After all, they were making a (likely unarticulated) judgment about whether an action was “right” in the context of what presumably seemed like legitimately professional scientists at a major research university in the middle of a law-bound, peaceful republic. Operating in the way that most decision-making under pressure works, which is not necessarily linear processing of logical statements, they likely thought something that could be crudely represented as “Well, they wouldn’t be allowed to do something that was really heinous, and would destroy their careers if they did. I don’t understand exactly what’s going on, but all my assumptions about how the world works would be violated if Yale University could really run a torture chamber operated by random people picked off the street. It would just be too crazy.” This muddled-headed, superficial thinking turns out to have been a correct judgment. [emphasis mine]
"All my assumptions about how the world works" -- this is the heart of it. The assumption is that there must be an acceptable truth beneath the unacceptable surface of things. This is, Manzi says, a safe assumption in "Anglo-Saxon culture" but not in, say, Germany, Spain, or Italy. Neat!
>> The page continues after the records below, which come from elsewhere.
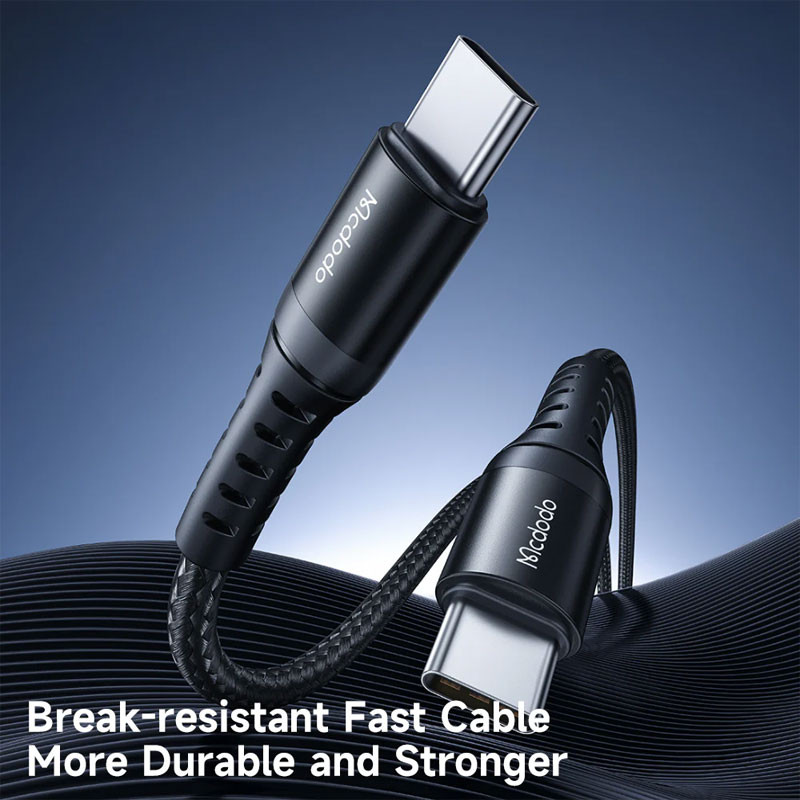 کابل تبدیل USB-C به USB-C مک دودو مدل CA-564 با محافظ تقویت شده و توان 60 وات کابل تبدیل USB-C به USB-C مک دودو مدل CA-564 با محافظ تقویت شده و توان 60 وات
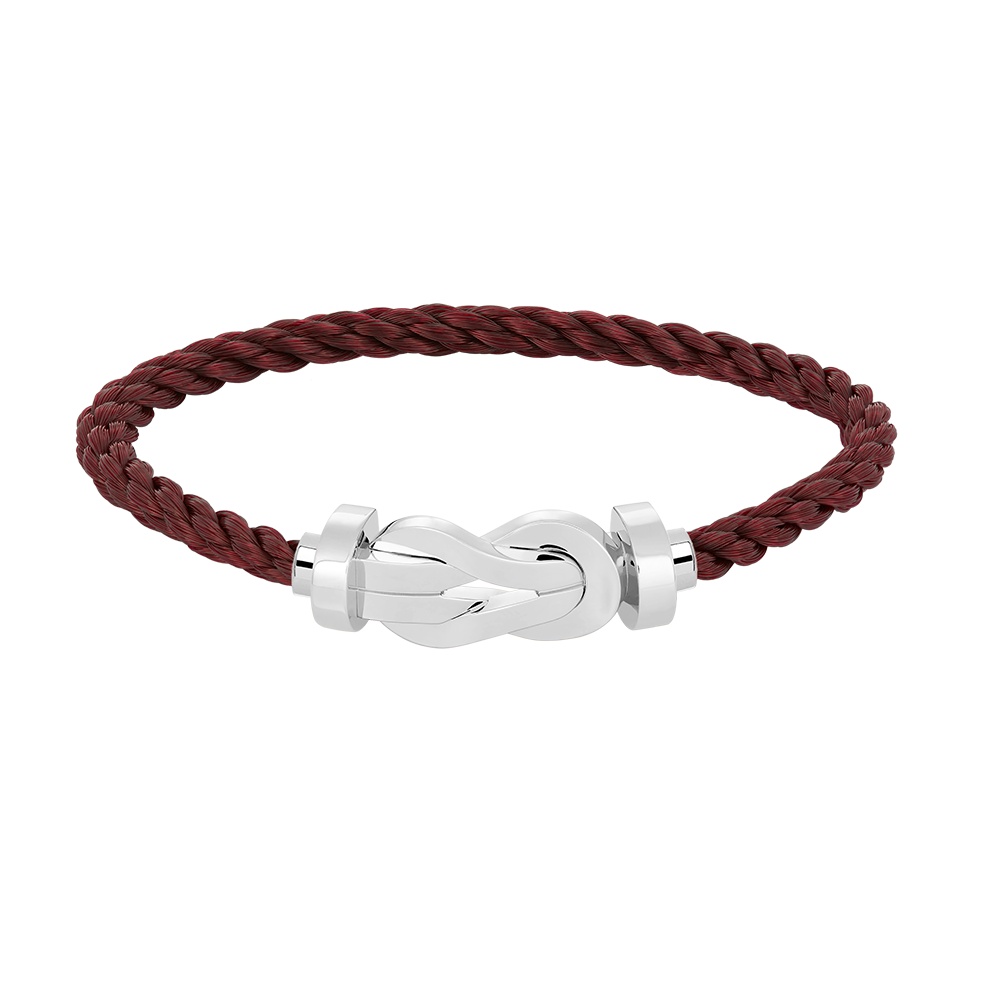 [ORA]CHANCE LARGE 8 FIGURE BUCKLE NO DIAMOND BRACELET SILVER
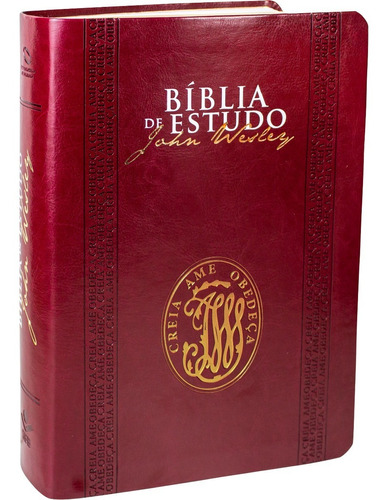 Bíblia De Estudo John Wesley Vinho
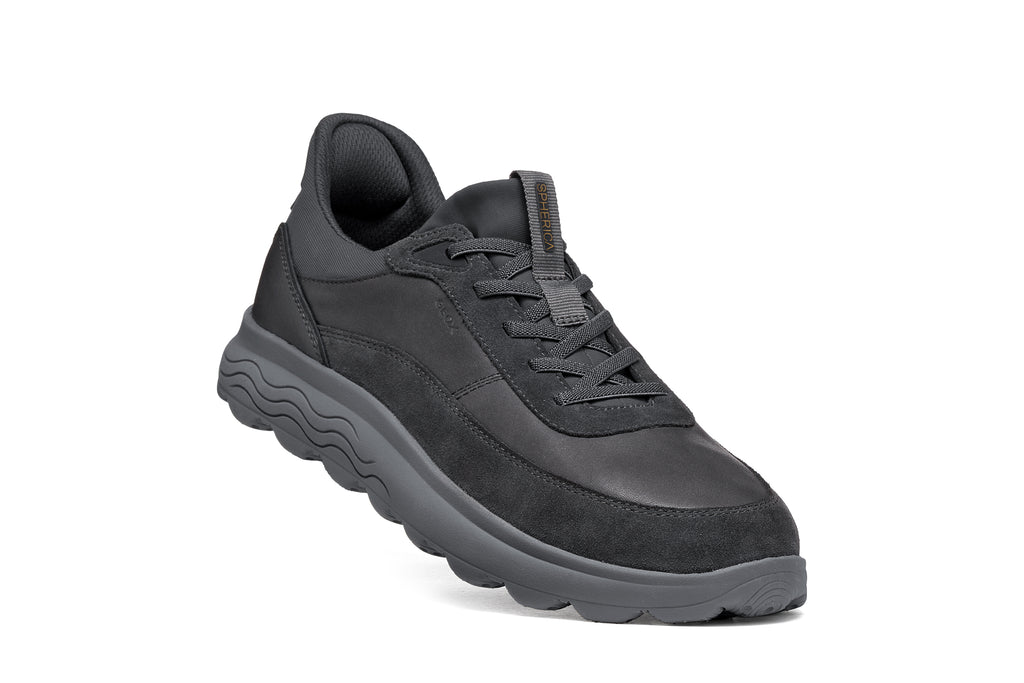 Geox U56MPA U SPHERICA PLUS A - NAPPA+SUED - GRAPHITE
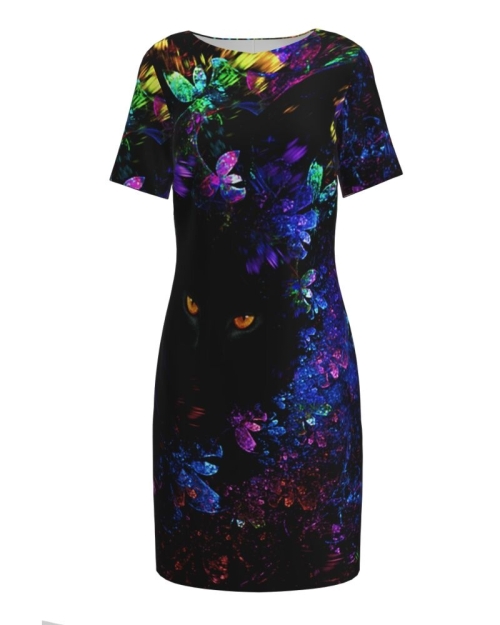 Rochie casual imprimata digital Pantera CIO19 - Img 1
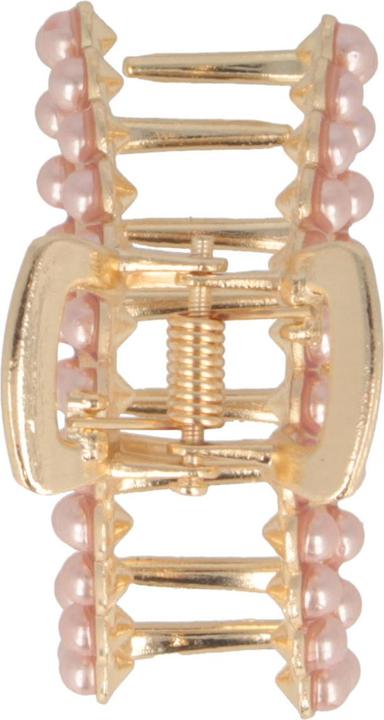 Image du produit Solida Pince à cheveux dorée avec perles artificielles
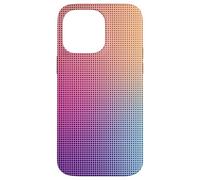 Digital Aura Gradient Pink Orange Purple Pixel Energy Design Coque pour iPhone 14 Pro Max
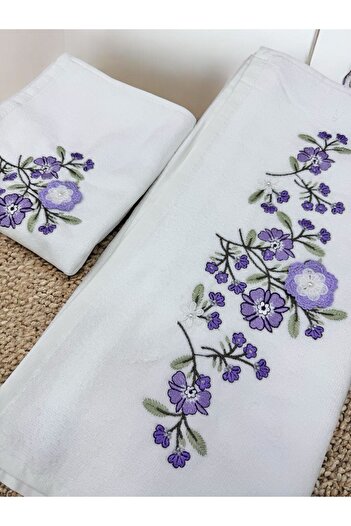 TUTUYA TEXTIL 3D вишивка КРЕМ Колір Мама з дочкою Весільний подарунковий рушник Рушник набір Унсал Бренд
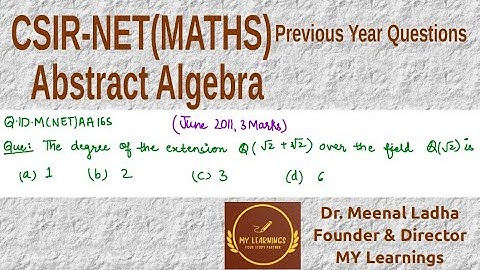 (Q.ID.M(NET)AA16S) Previous Years Question on Abstract Algebra, CSIR UGC NET, June 2011.
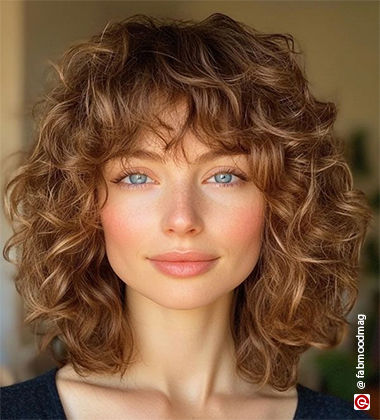 hairstyle for layered hair - trad wife layers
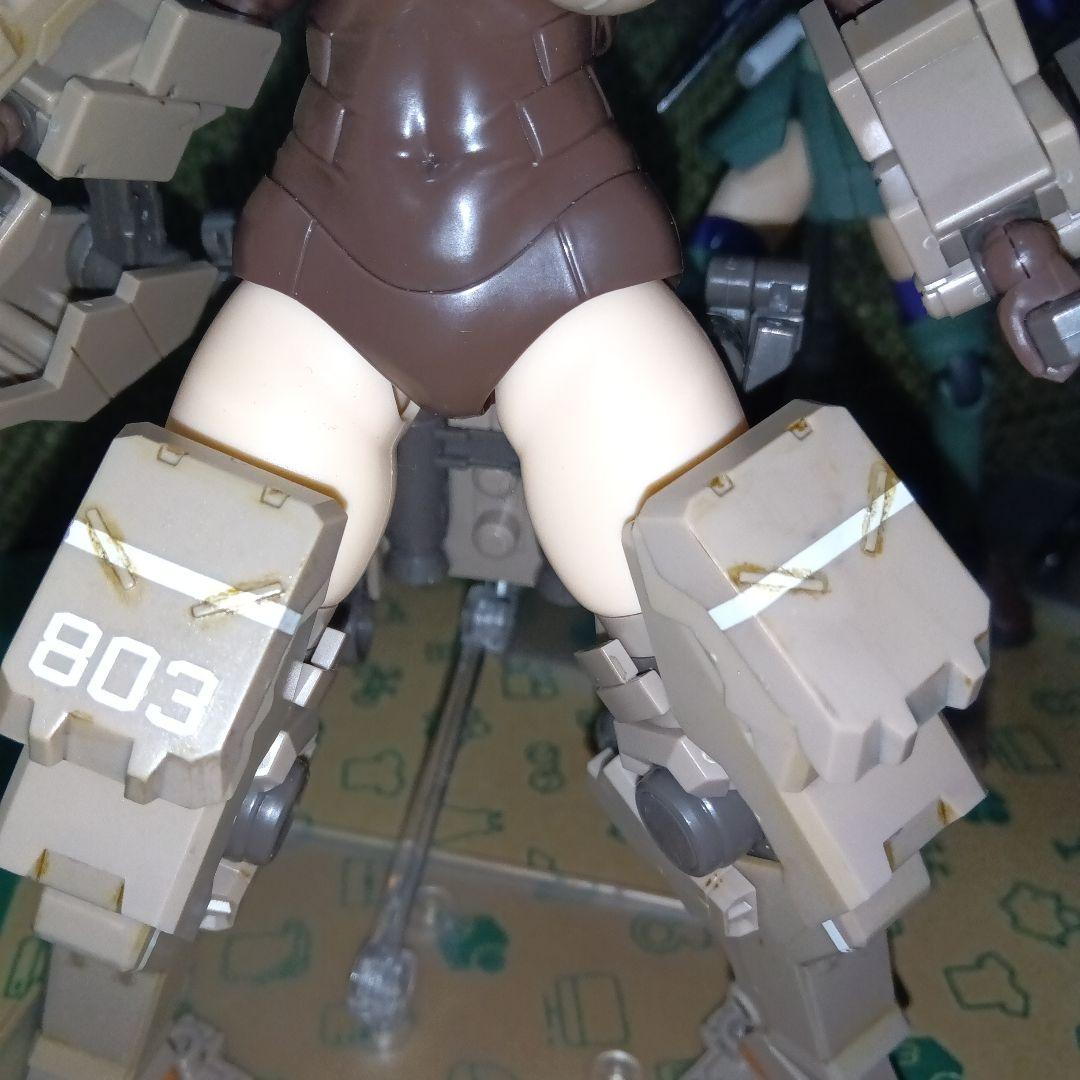 フレームアームズガール　輝鎚・甲　組立済　ぼよよん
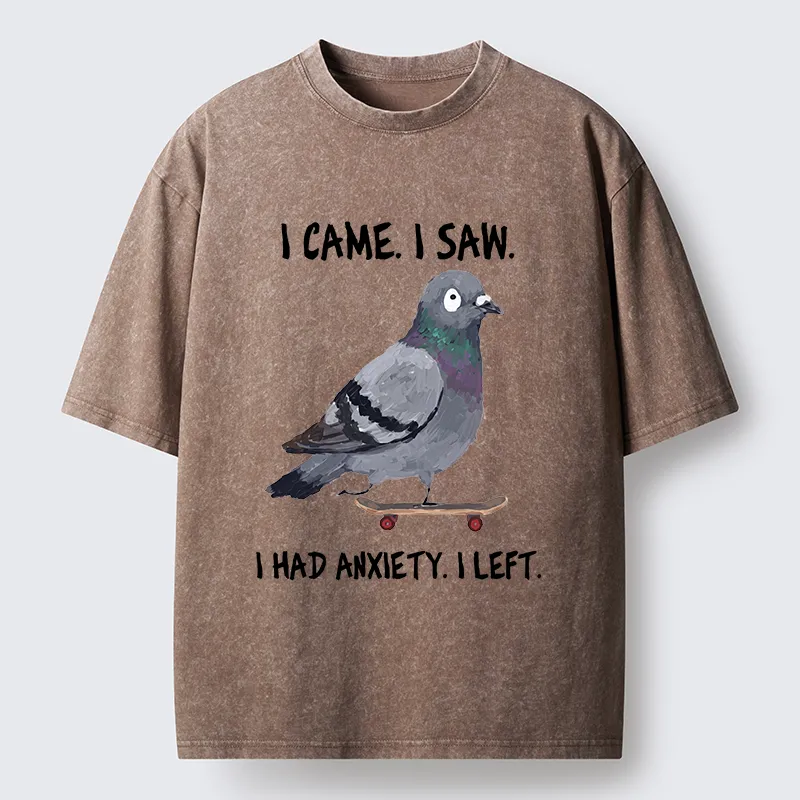 Tokyo-Tiger Skateboard Pigeon Meme Washed T-Shirt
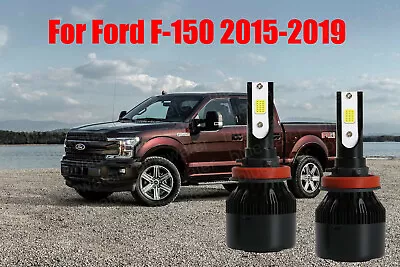 LED For F-150 2015-2019 Headlight Kit H11 6000K White CREE Bulbs Low Beam • $25.05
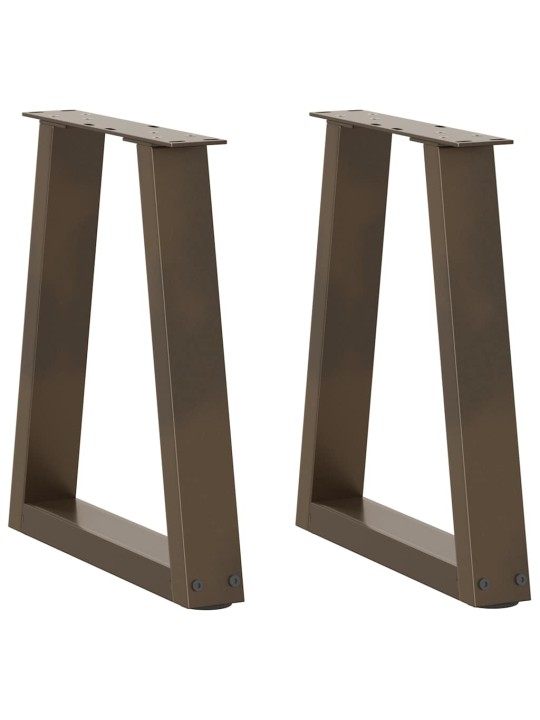 Sohvapöydän jalat v-muotoiset 2 kpl luonnollinen teräs 28x(42-43,3) cm teräs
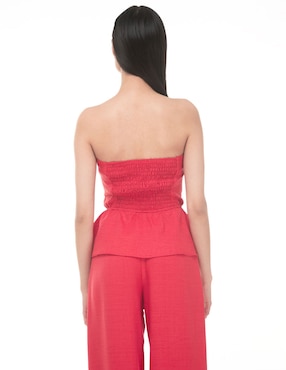 Top Lvyou escote bardot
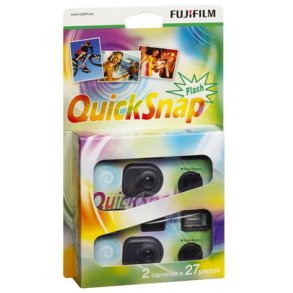 Fujifilm QuickSnap 400 27 Flash 2 pk. m/blitz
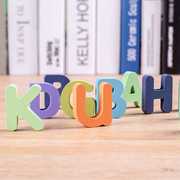 木制数字字母积木形状认知板4幼儿童2-3岁宝宝益智手抓板拼图玩具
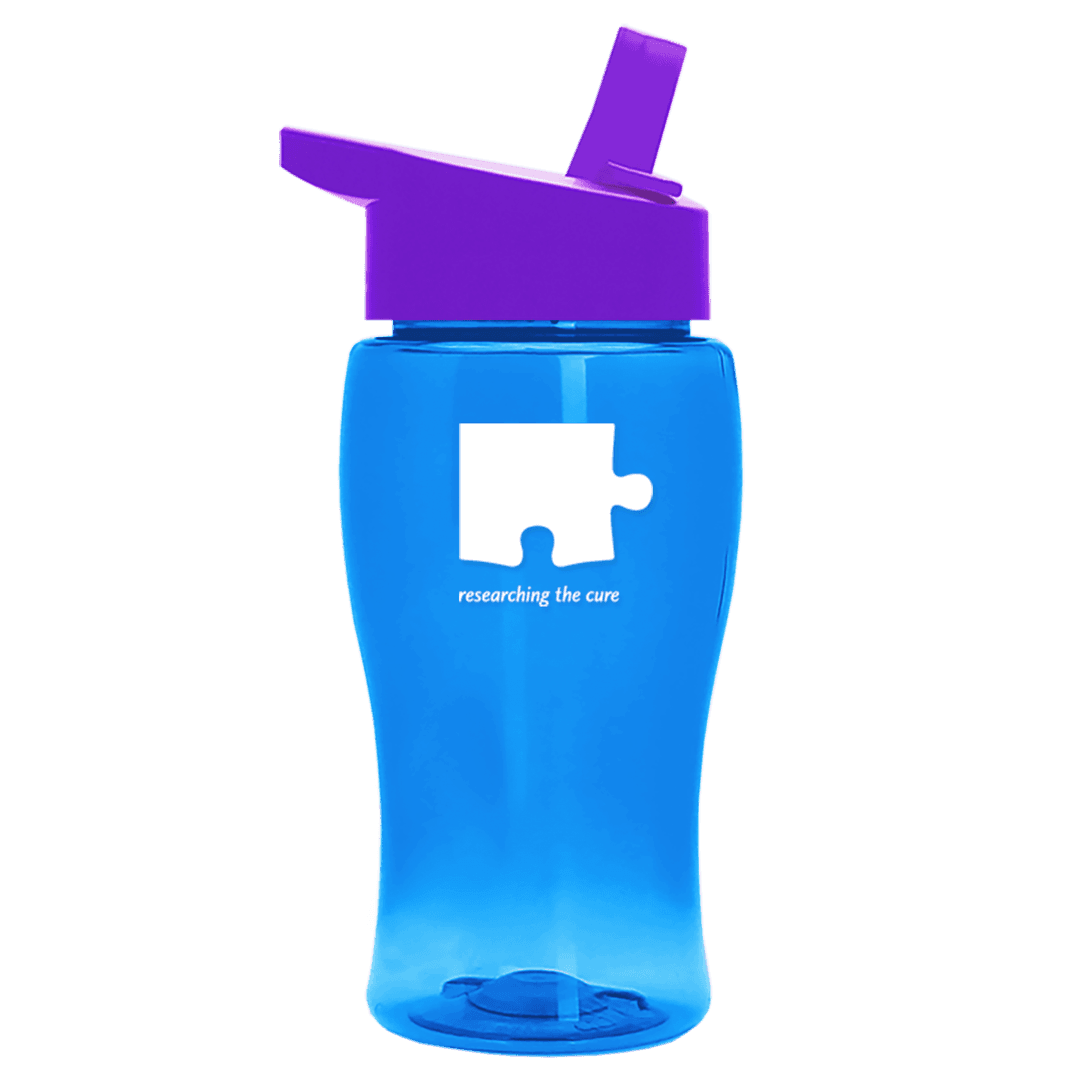 Poly+ Jr. Transparent Bottle with Flip-Straw Lid - 18 oz.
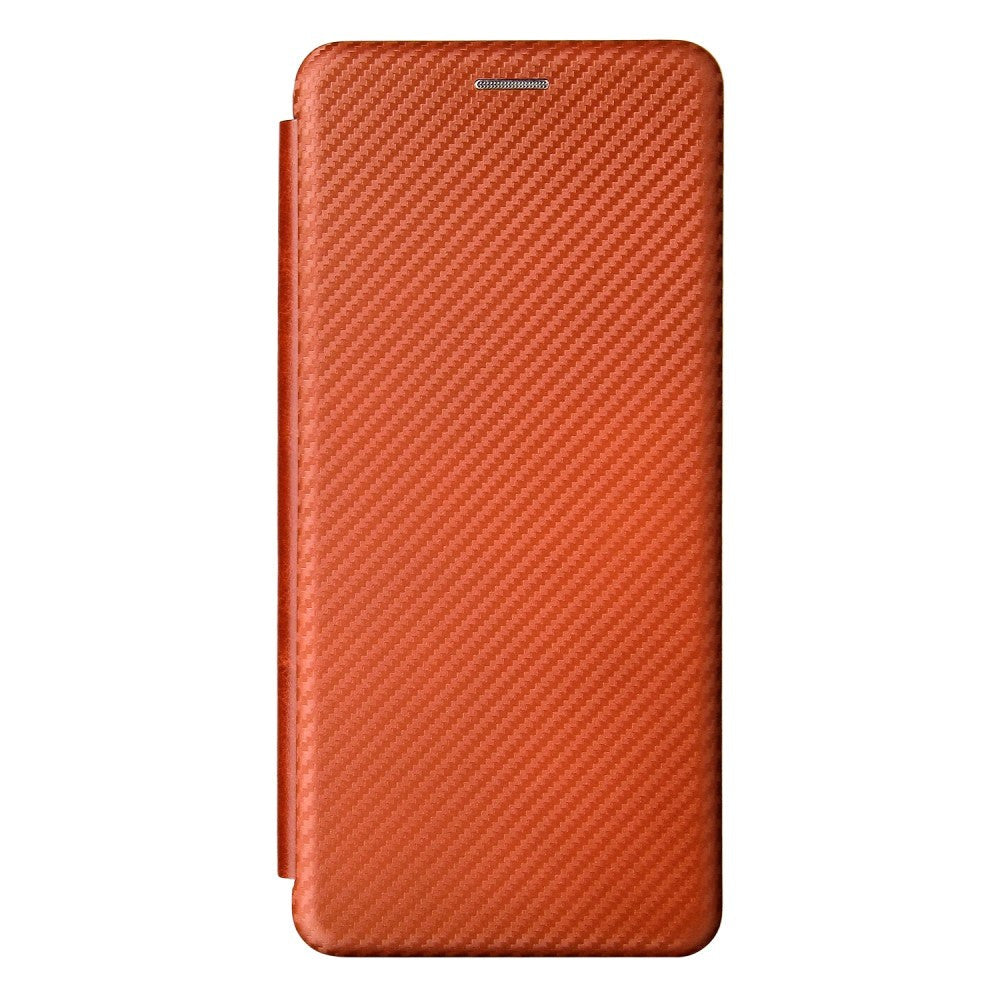 Motorola Moto G60s Carbon Fiber Fleksibelt Plastik Cover - Brun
As famous last words go, which is the most famous: respectable men in lab coats would never try that; or it can't happen here? Or how about the always crowd-pleasing we don't torture?

It's a trick question -- they're exactly the same. Everywhere.

(image source)


Anonymous said...

Thanks for the thoughtful comment (and great poster!).

I indicated that the culture (and instiutions) mentioned by two other posters were signifciant, and I think they are. My point about the assumptions, and the reason I used a thought experiment of a rapid takeover of the US, is that these assumptions will change for almost everyone if their environment changes. That is, there's nothing magincal about current residents of the US, but their acculturation does act as one bulwark against tyranny.

Jim Manzi

Dale said...

JM, thanks for the comment. But I really don't see how I can maintain a blog if everyone I criticize not only responds but does so reasonably. This can't stand!


larryniven said...

Even so, saying that our assumptions are a bulwark against tyranny is not the same as saying that they're effective in that regard, or even that they would work against all kinds of tyranny. As you said, Dale, it's not as though the U.S. is a wholly tyranny-free country even now, let alone when we were, say, keeping black slaves or putting Japanese people in camps. We can dither about extent or kind, but clearly whatever Anglo-Saxonism is in our culture is not a perfect inoculation.

Now, about what the experiment itself showed. I'm a bit skeptical of anyone who embarks on one of these grandiose stories about what "likely" happened, because (I assert) those stories come from nowhere other than from one's own intuitions about the situation. But this is precisely what experiments were meant to eliminate: random intuition-based prognostication about human behavior. Besides this meta-point, though, other experiments (especially the Stanford prison experiment) confirm the pessimistic interpretation of the Millgram experiment. Which Anglo-American assumptions allowed the Stanford "guards" to abuse their "prisoners," do you think?

Dale said...

Adding to what LN said ... regarding 'the thought experiment of a rapid takeover of the USA' - this is the trouble with thought experiments.

A rapid takeover of the USA that is perceived as such in real time is one thing -- the Cubans are here in tanks and they're tearing down all the signs and replacing them with explicitly Marxist propaganda, a la Red Dawn -- but actual rapid changes, when successful, are quite another. They happen by what seem to be -- and are loudly and explicitly claimed to be -- small and reasonable-seeming steps.

Obviously, it's the ones that might succeed that should worry us.

So yes, the people of the USA are subject to a certain acculturation that makes them wary of certain forms of 'rapid takeover.' A Red Dawn-style takeover of the USA is unlikely to succeed (as are others we could mention). But there are other means by which tyranny can creep in with alarming speed, and we're not so vigilant against them all. A large number of Americans have blithely accepted torture in recent years, for example. What else might we accept under the blanket of the same pleasing rationalizations and slender euphemisms?

I think our acculturation needs to include a strong element of explicit vigilance against tyranny in all its sly and varied forms.